With the above, in theory, fly ssh would be the same as psql. The latter is a psql client that connects to its own postgres instance. But I don’t know the wireguard internals enough to know if, even beyond fly, there’s some wireguard black magic that has global state and can’t be isolated.
Lot of random thoughts, hopefully some of that is helpful for your internal discussions. Feel free to ping me for any more background.
I’ll definitely keep this in mind. I’m biased, but think nix is the future of… everything. But in any case, so long as upstream nix is kept up to date, I can use unstable nixpkgs to always get the latest published version, without needing to upgrade the rest of the project (nix lets you mix and match).

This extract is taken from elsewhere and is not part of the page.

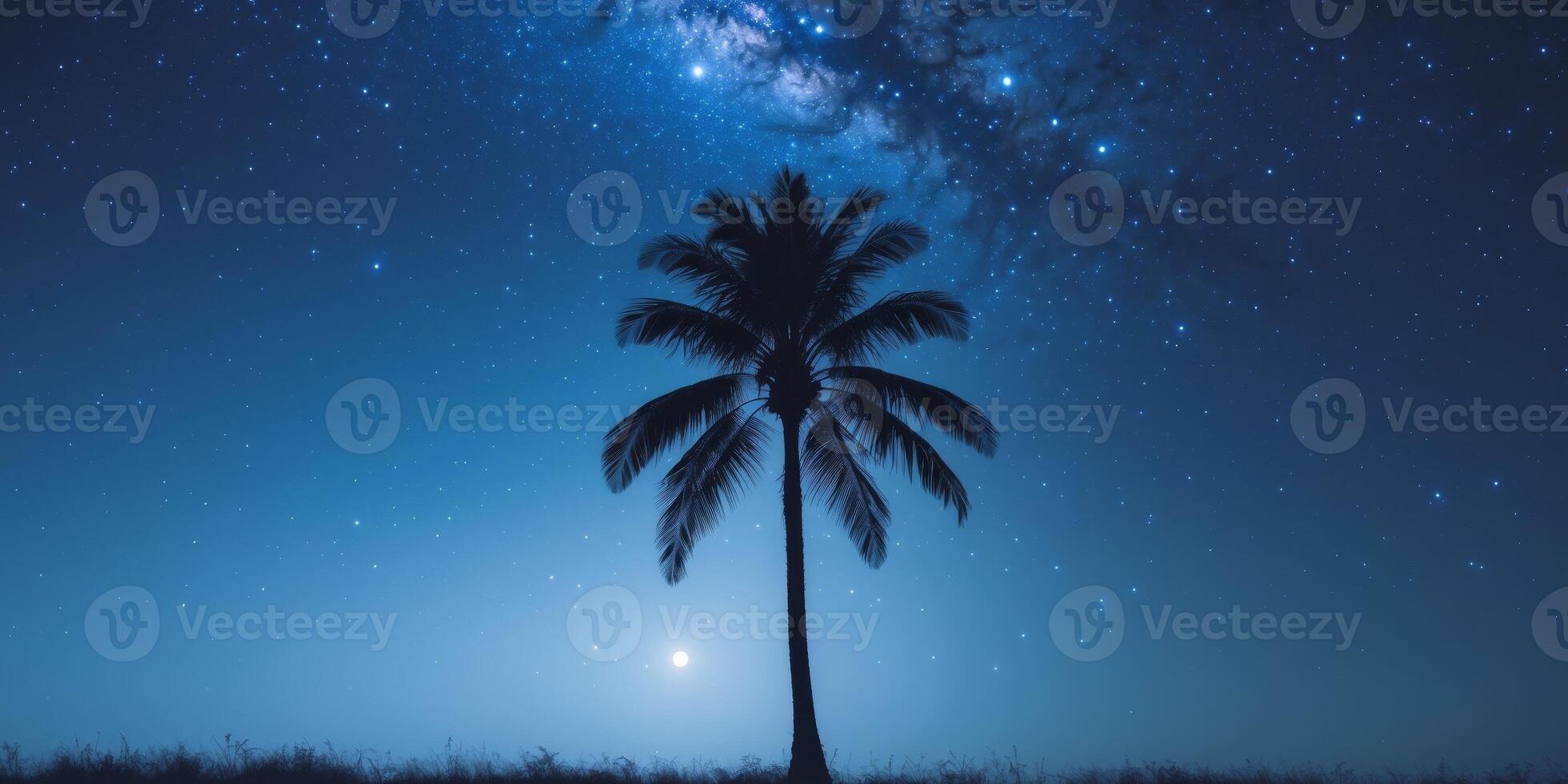 Serene Night Landscape with Silhouette of Palm Tree and Starry Sky photo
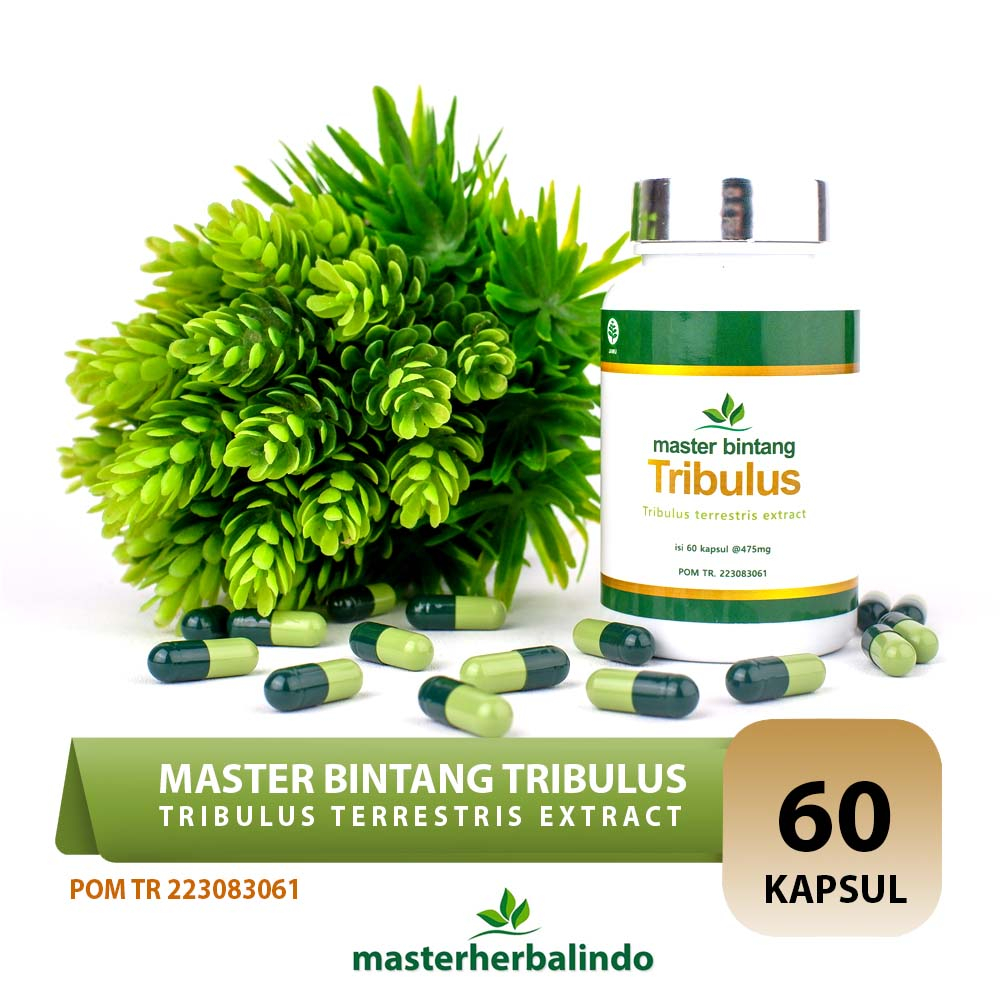 Kapsul Herbal Extract Master Bintang Tribulus Terrestris Stamina Hipertensi Otot Hormon Testosteron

And if you can’t figure out a workaround for publishing quickly, one can always just have a “nix” package that actually just downloads the latest release. So long as you are able to provide a “stable” URL that always downloads the latest binary. Per platform is fine.
It looks like there’s a bot that scrapes Github releases and submits updates, though not that often. What concerns me here is that this PR is almost a month old, therefore it’s many versions behind our current release.
I pinged the Nix community to see what they think about this.